26 August 2015, 13:24 | Updated: 30 March 2016, 13:50

A girl who was groomed by a gang of men in Rotherham when she was just 11 has told us more still needs to be done to protect young people from abuse.

Lizzie, whose name we've changed to protect her identity, has spoken out about her experience for the first time.

She says: "He used to tell me that he loved me, and to the point where I trusted him, and then that's when he started turning into violent and then he'd introduce other men."

It's a year since the Jay report found more than 14 hundred children were abused in the town over 16 years.

Many of them were ignored or not believed by the authorities.

And Lizzie says it still affects her now: "I hate going out on my own, I have to have someone with me all the time. Most days I just lay in bed and hide away. I'm just scared if I see him what they're going to do to me next... It's like always in the back of my head. I mean you try to push it away and move on from it, you can't because it's constantly there digging at you and you just don't know how to deal with it."

Ian Thomas, the new director of childrens' services in Rotherham, has told us the only way the town will move on from the abuse scandal is if they get better at protecting young people: "You can't grandstand and say that things are improving just for the sake of it. That has to be underpinned by real improvement. So we're working solidly on that."
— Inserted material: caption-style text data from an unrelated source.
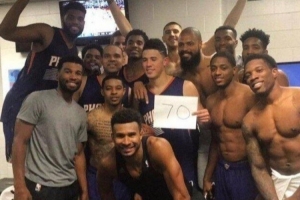 9年前的今天：布克对阵绿军狂砍70分 成为史上最年轻70分先生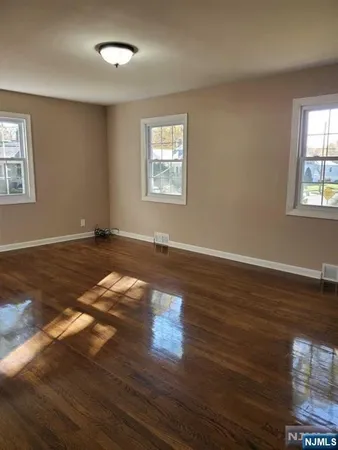 $4,500 | 20 Poplar Street, Unit 1, Dumont, NJ 07628
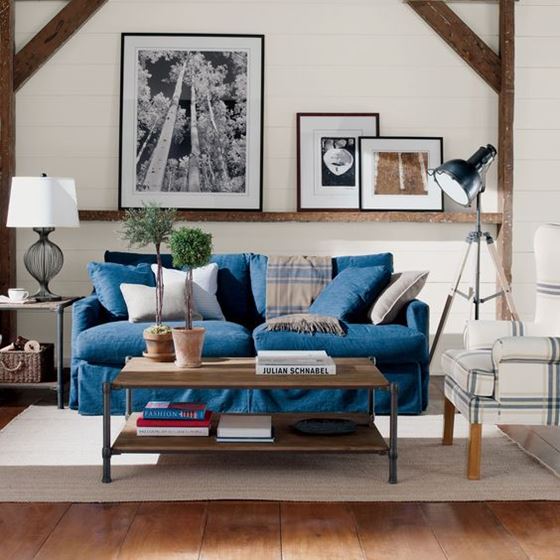 Джинсовый диван - двухместный с подушками в гостиной с деревянным интерьером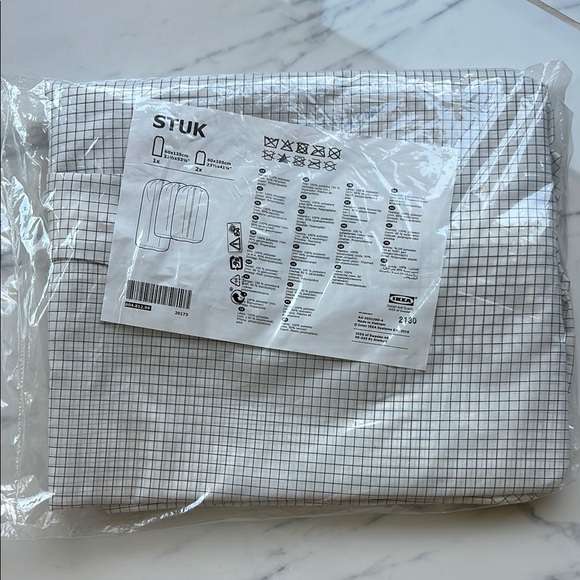 IKEA White and Garment Bag Set with Classic Grid Design - Picture 1 of 5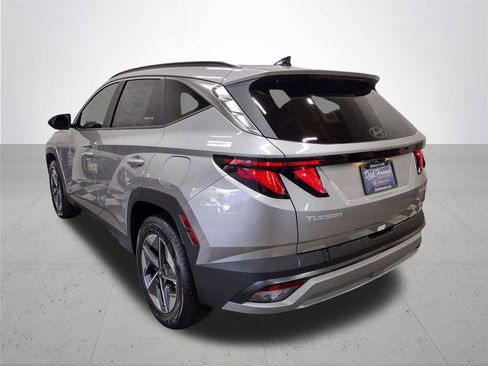 New 2025 Hyundai Tucson SEL image 10
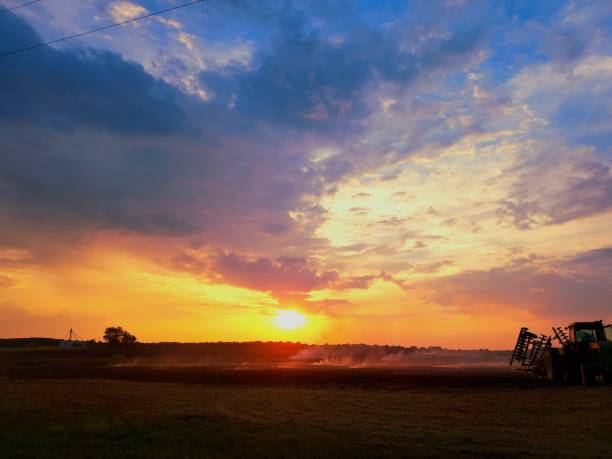 istock Dusk to dawn 1405999508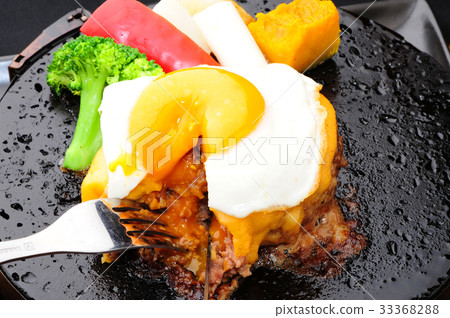 Cheese hamburger fried egg 33368288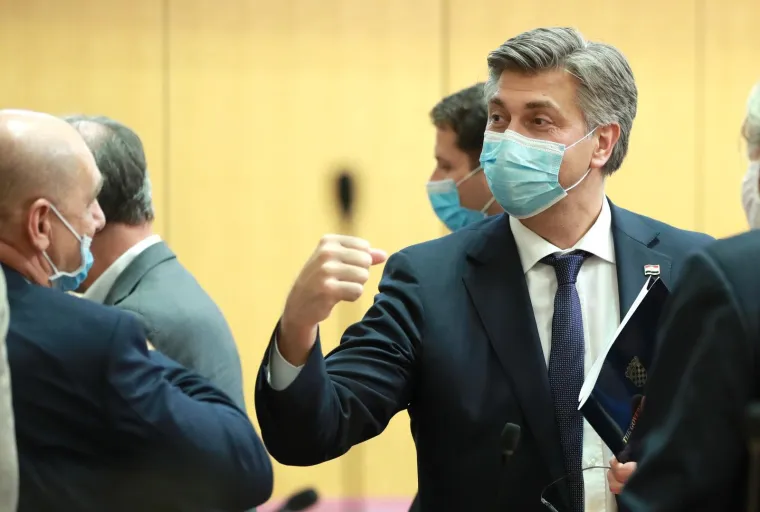 Kasno sinoć izglasana nova Vlada: Pogledajte atmosferu u Saboru, Plenkoviću čestitali na korona način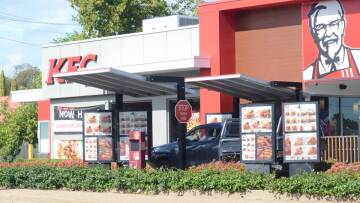 Απίστευτο περιστατικό στη Νεβάδα: Άνδρας μαχαίρωσε εργαζόμενο των KFC, επειδή... νευρίασε για τη σάλτσα που έβαλαν στην παραγγελία του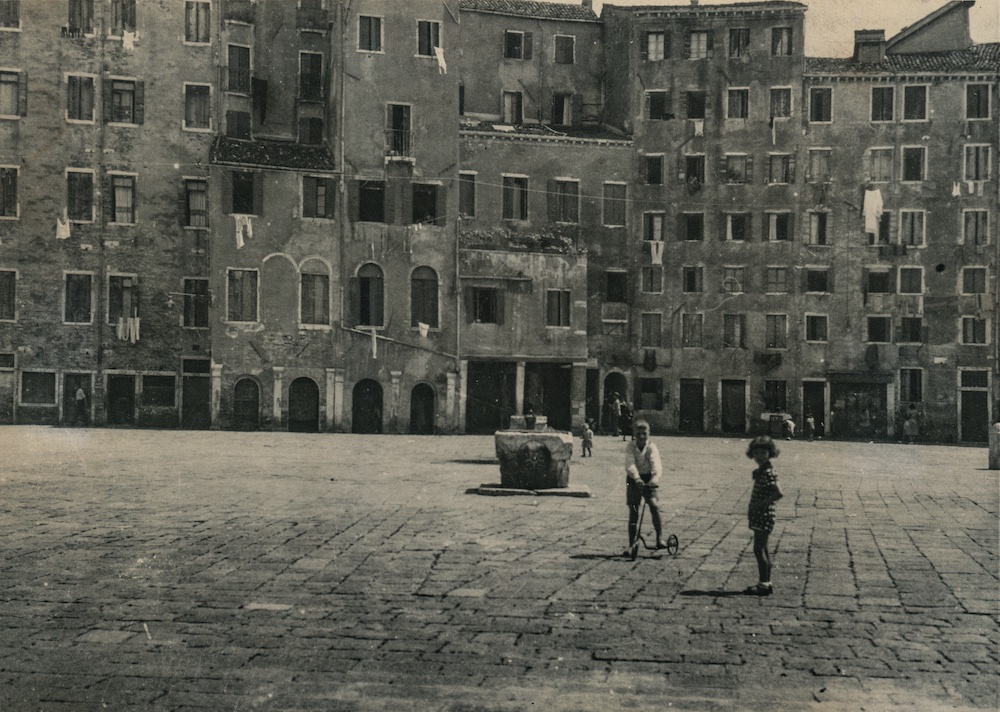 11. CAMPO DI GHETTO NUOVO - VENEZIA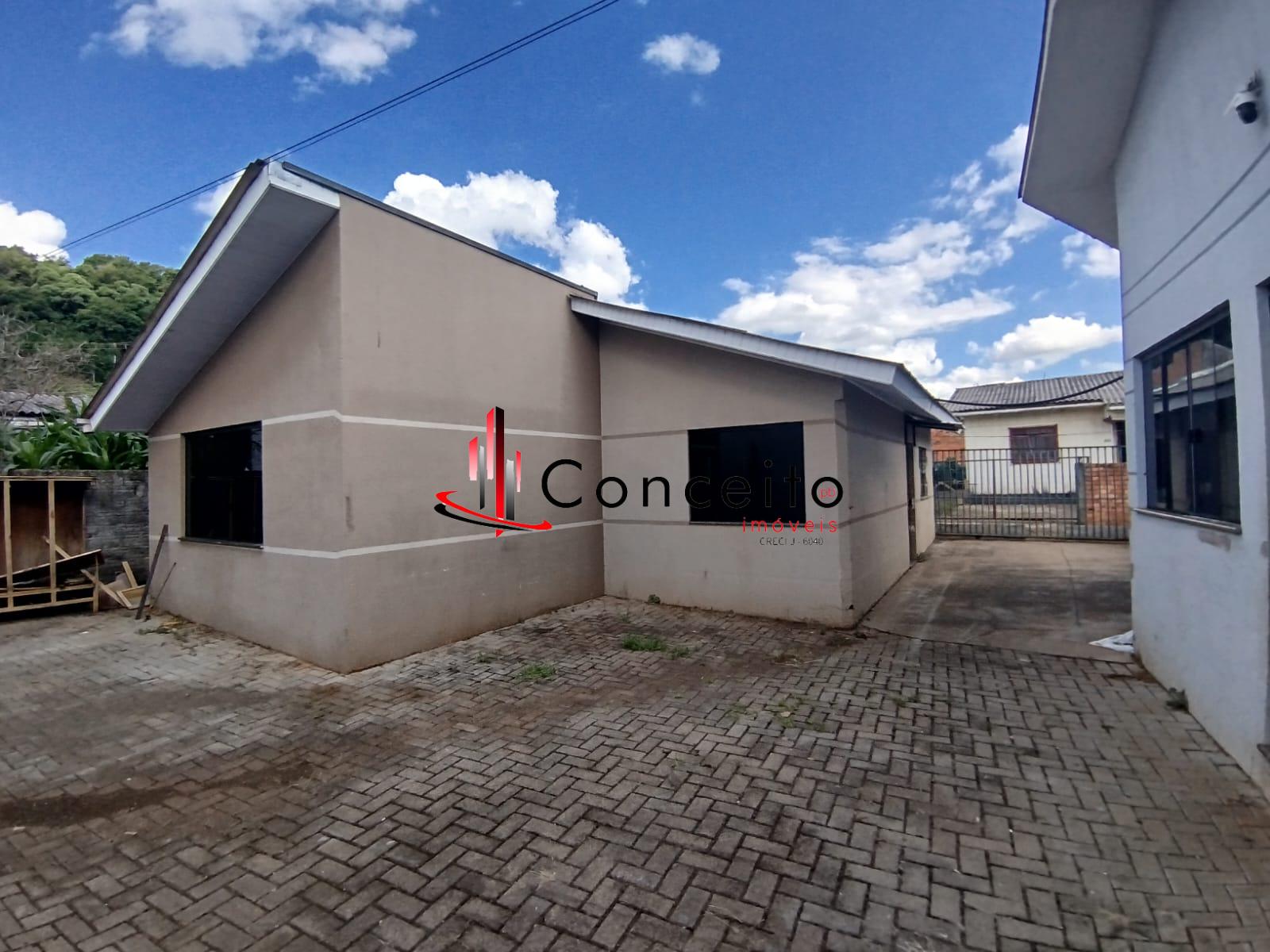 ALUGA - CASA DE FUNDOS NO BAIRRO BONATTO, PATO BRANCO - PR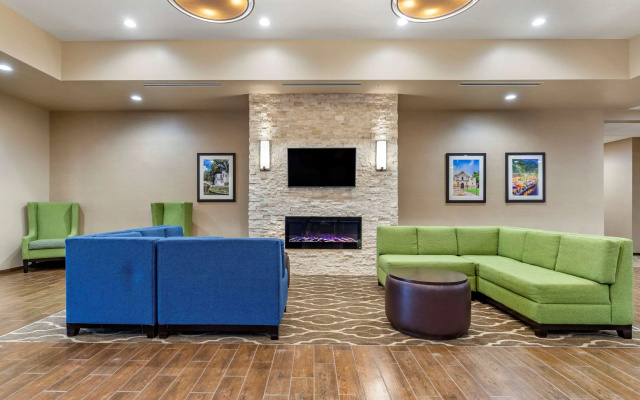 photo 2 of Comfort Suites San Antonio Ft. Sam Houston/SAMMC Area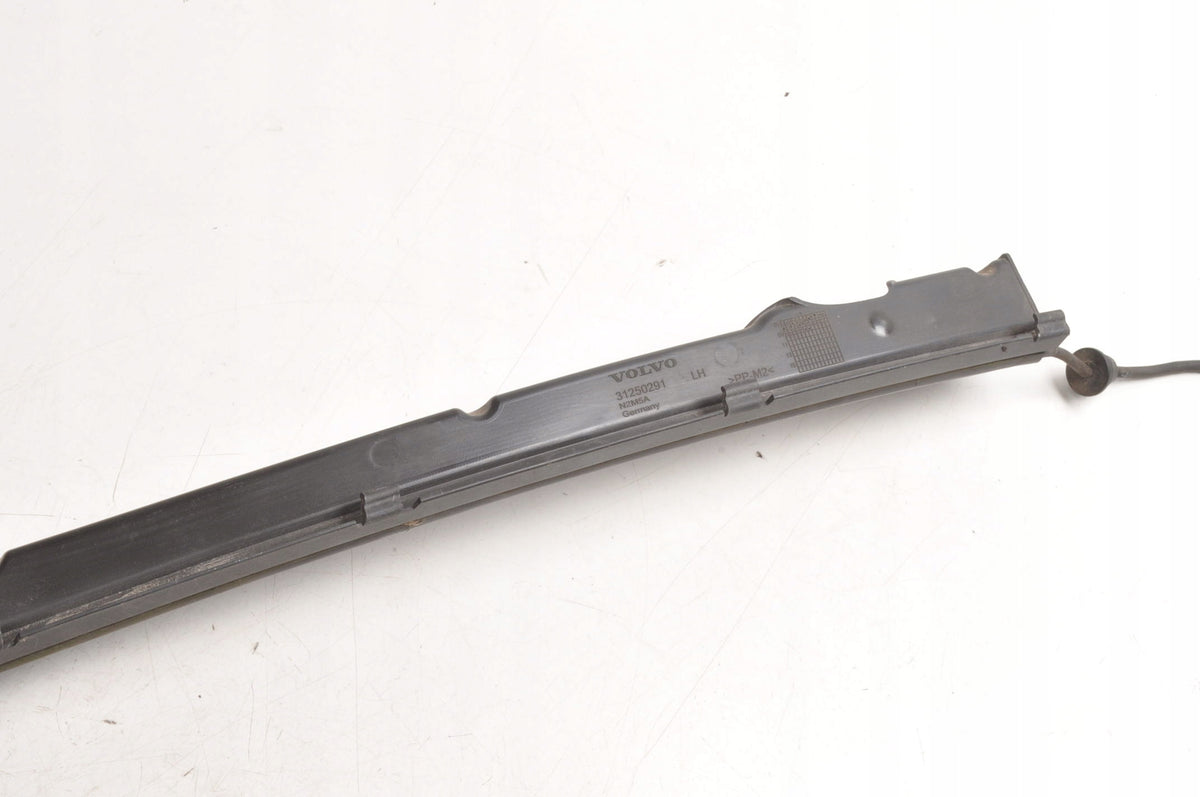 VOLVO XC60 AND STRIP TAILGATE CLOSURE SENSOR 31250291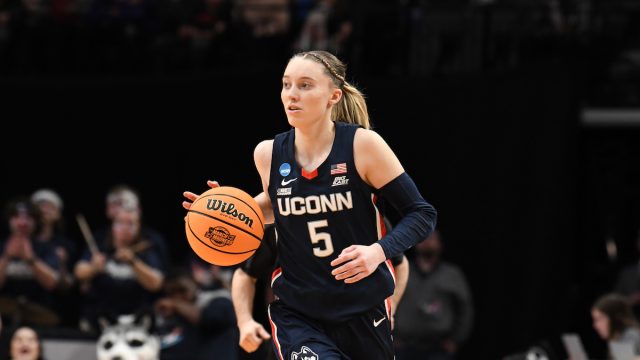 NCAA BASKETBALL: APR 01 Div I Women's Championship Elite Eight – UConn Huskies vs USC Trojans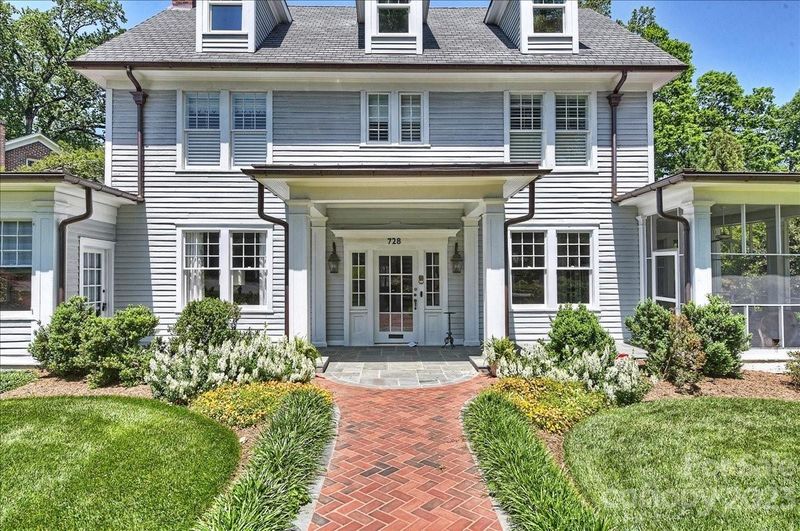 728 Queens Rd, Charlotte, NC 28207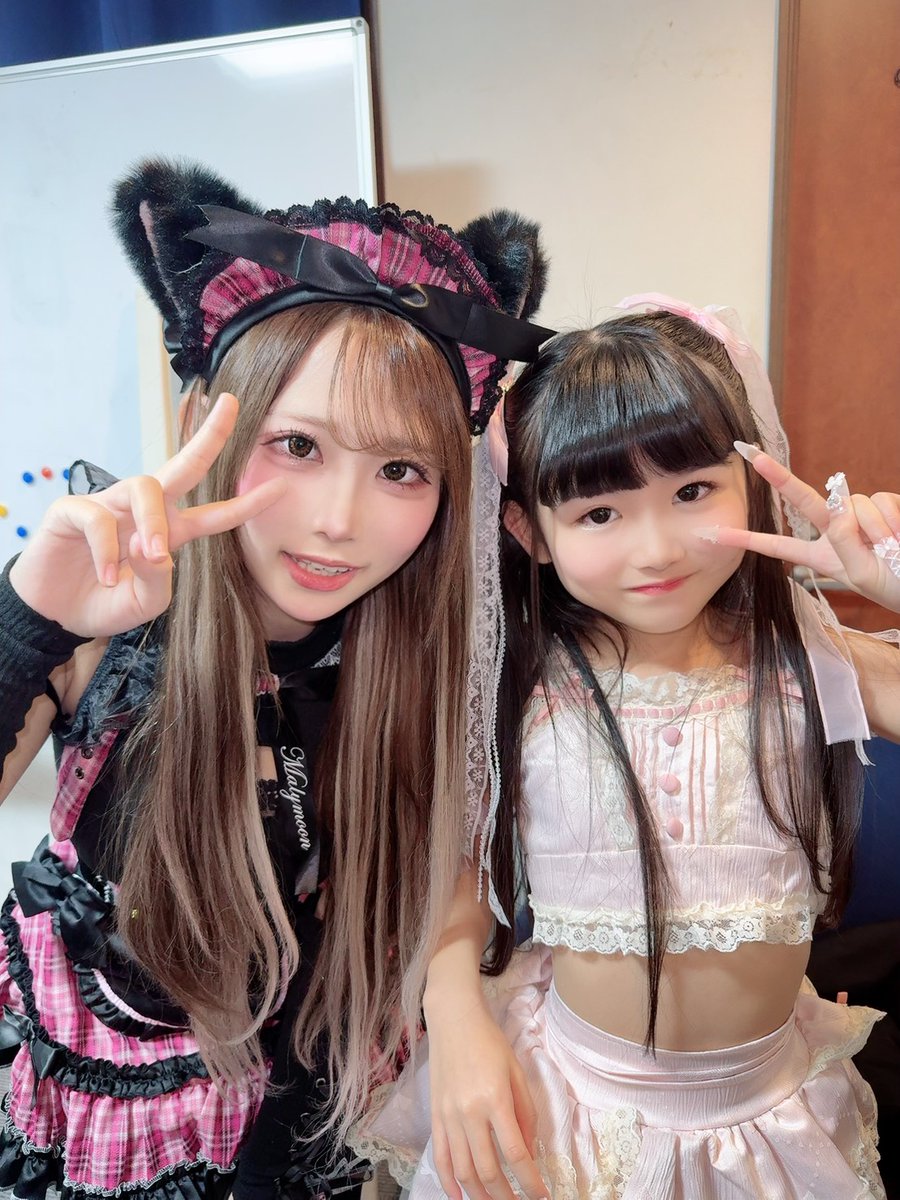 みきちゃん♡ みきちゃん🫶 喋り方まで可愛いみきちゃん🩷 つめをずっと気にして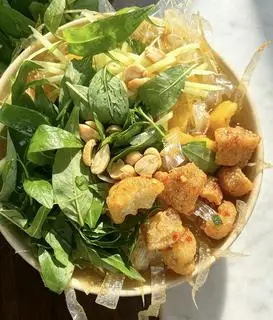 Hình ảnh Bánh Tráng Dẻo Trộn Tóp Mỡ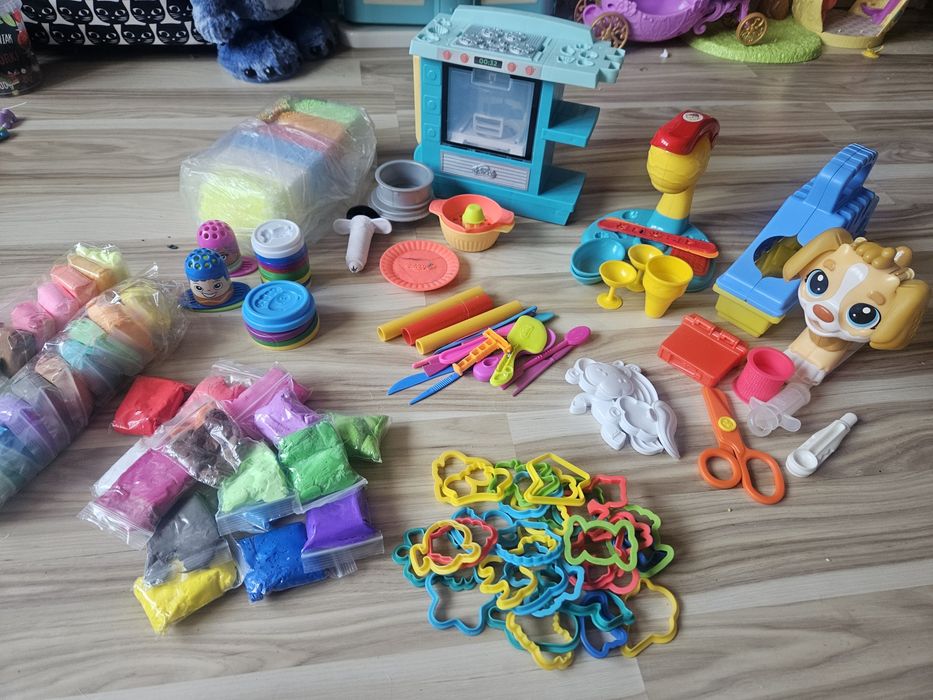 Duży zestaw do ciastoliny - PlayDoh, Smiki i inne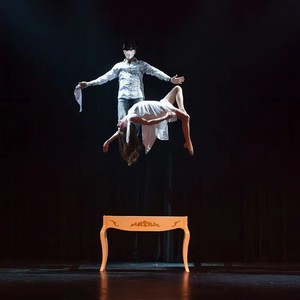 Darcy Oake Doppia Levitazione Edge of Reality Illusioni Magiche Meraviglioso Trucco Magia da Palcoscenico per Adulti - Product Image 1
South Yorkshire Police say they have made progress, Jason Harwin's the District Police Commander for Rotherham: "We've let people down, if people have had to suffer that and we're not taking it seriously that's not good enough. We are going to make mistakes, the important bit is we can't keep making the same mistakes. The victim has got to be at the heart of the thing that we do. We're here to serve the public, the public must be the heart of our response."